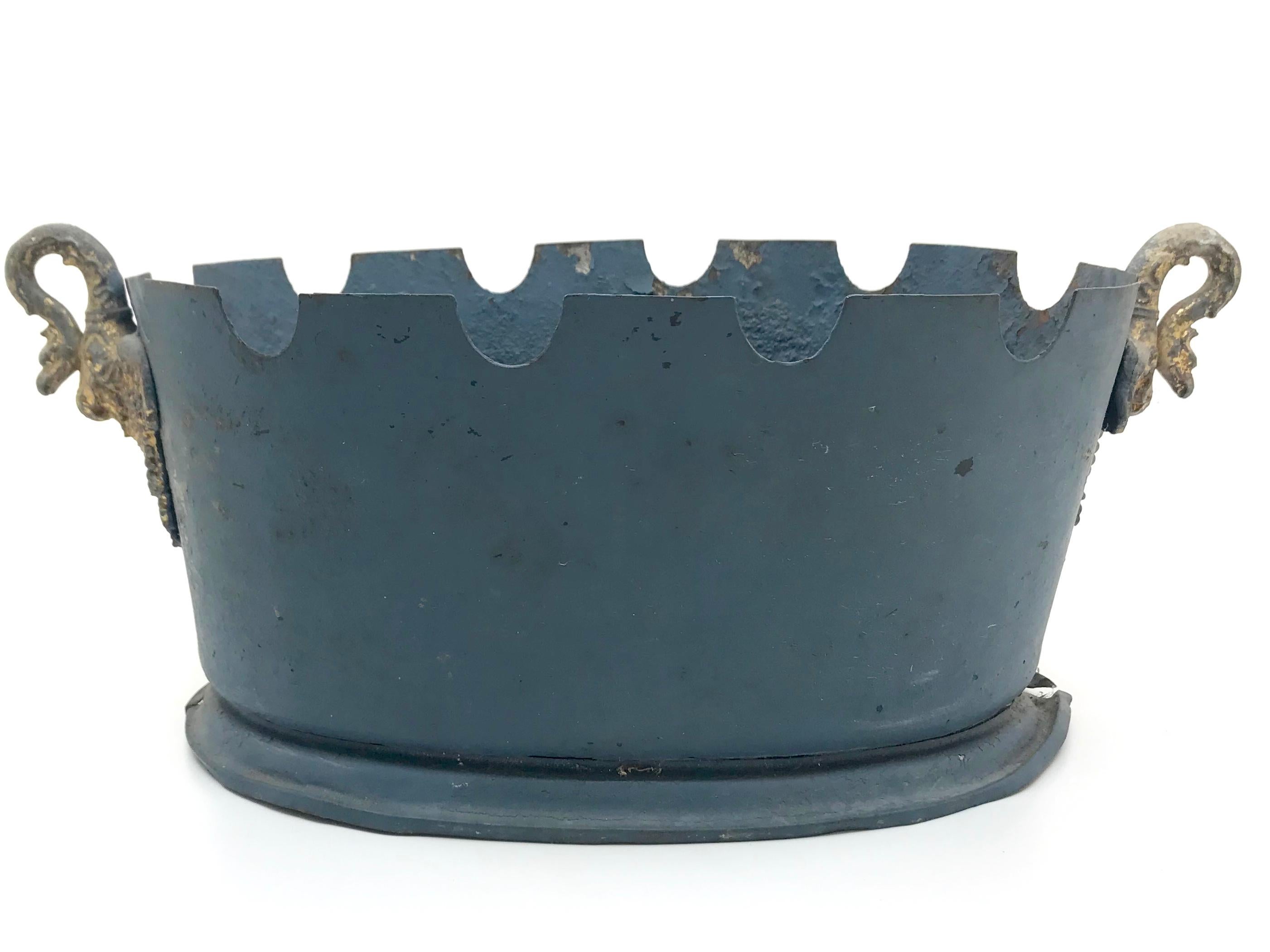 19th Century French Grey Blue Tole Monteith Cachepot with Gilt Swan Handles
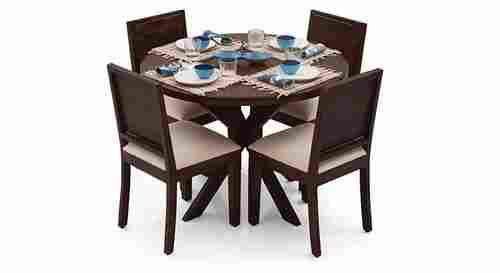 4 Seat Round Dining Table Set Mahogany Finish
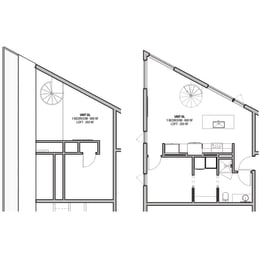 853 SF One Bed One Bath Loft Floor Plan at The Howard East Central in Bentonville, AR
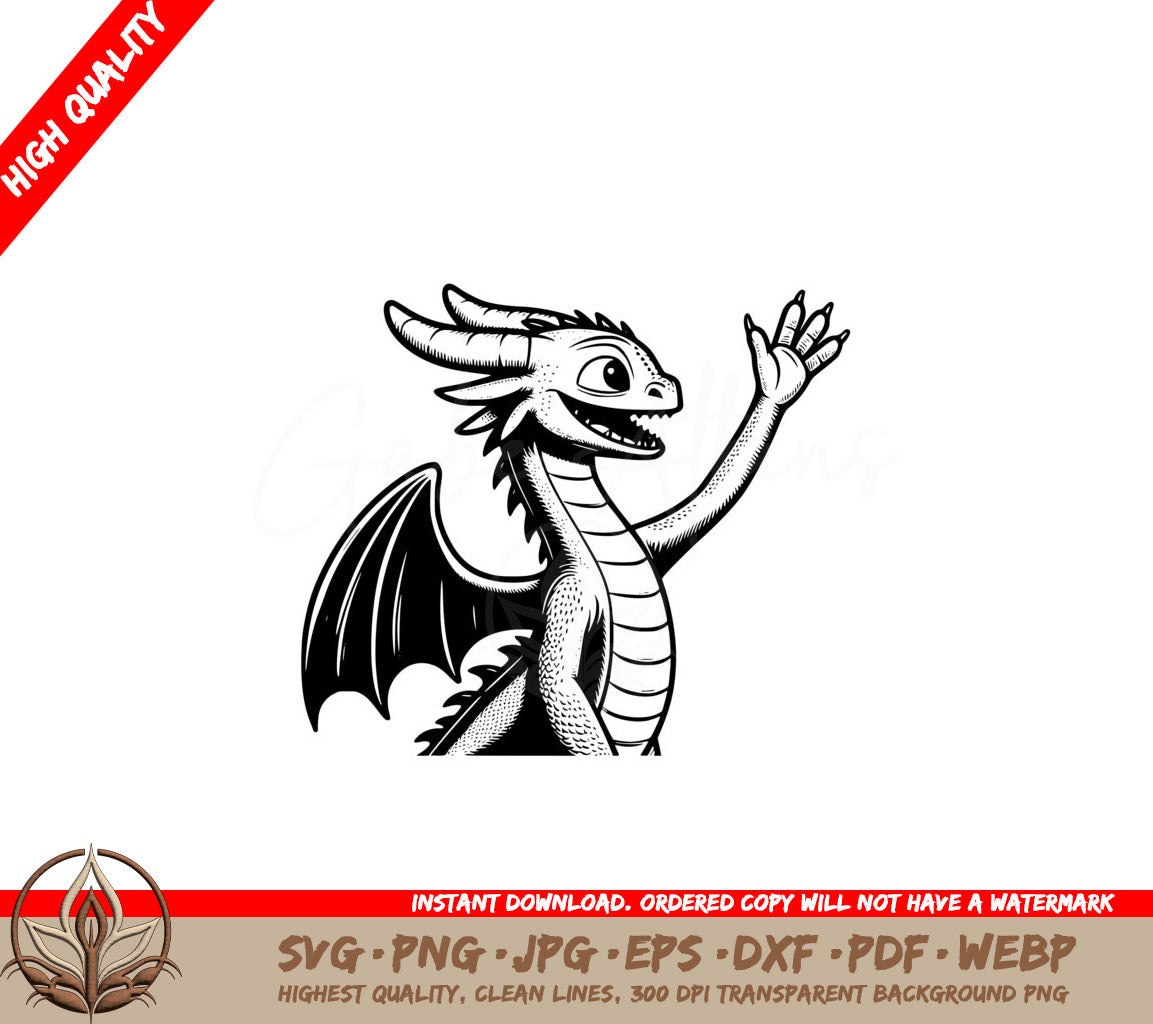 Waving Dragon Buddy SVG PNG JPG AI PDF DXF EPS and WebP Digital Cut File 
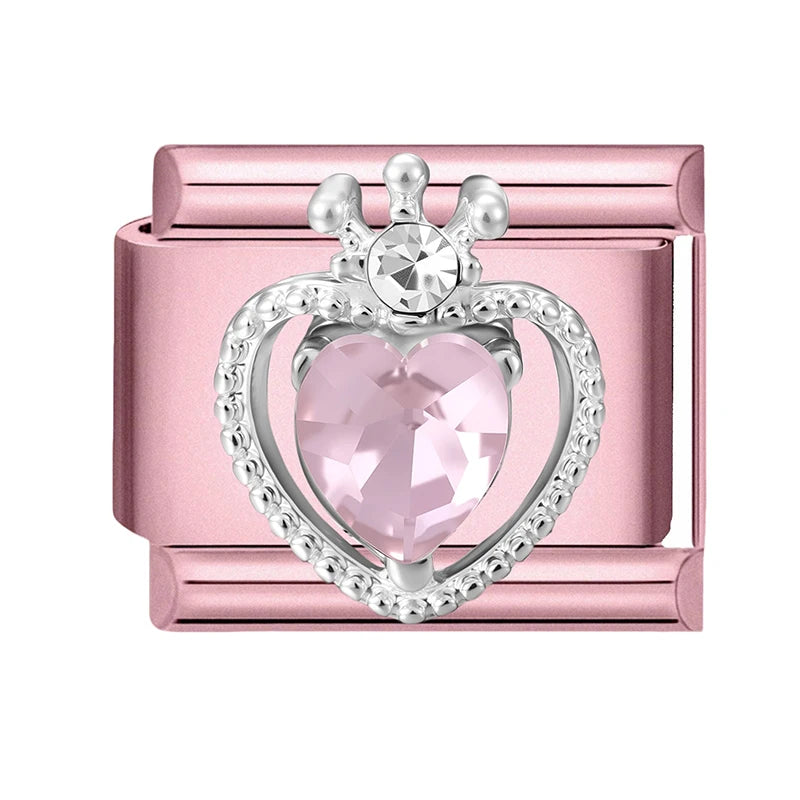 2025 New Women Romantic Pink Cherry Heart Shiny CZ Italian Charm Links Fit 9mm Bracelet Stainless Steel DIY Making Jewelry Gifts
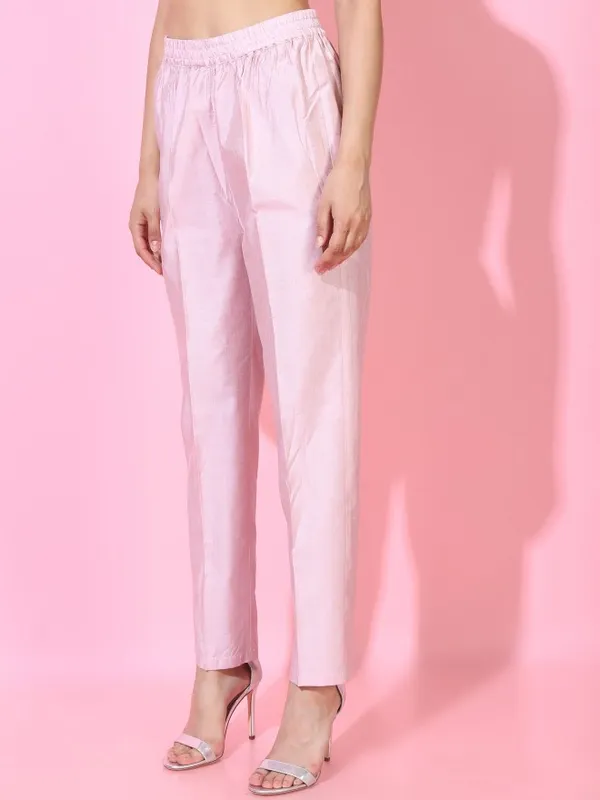  Vishudh Women Pink Solid Kurta Sets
-=-=-
▶ **Work item**: Take the whole listing above and copy it exactly. Pictures do not go into the copy.

▶ **Task result**:
 19th Century French Grey Blue Tole Monteith Cachepot with Gilt Swan Handles
 4 Seat Round Dining Table Set Mahogany Finish
 853 SF One Bed One Bath Loft Floor Plan at The Howard East Central in Bentonville, AR
 Waving Dragon Buddy SVG PNG JPG AI PDF DXF EPS and WebP Digital Cut File 
 2025 New Women Romantic Pink Cherry Heart Shiny CZ Italian Charm Links Fit 9mm Bracelet Stainless Steel DIY Making Jewelry Gifts
  Vishudh Women Pink Solid Kurta Sets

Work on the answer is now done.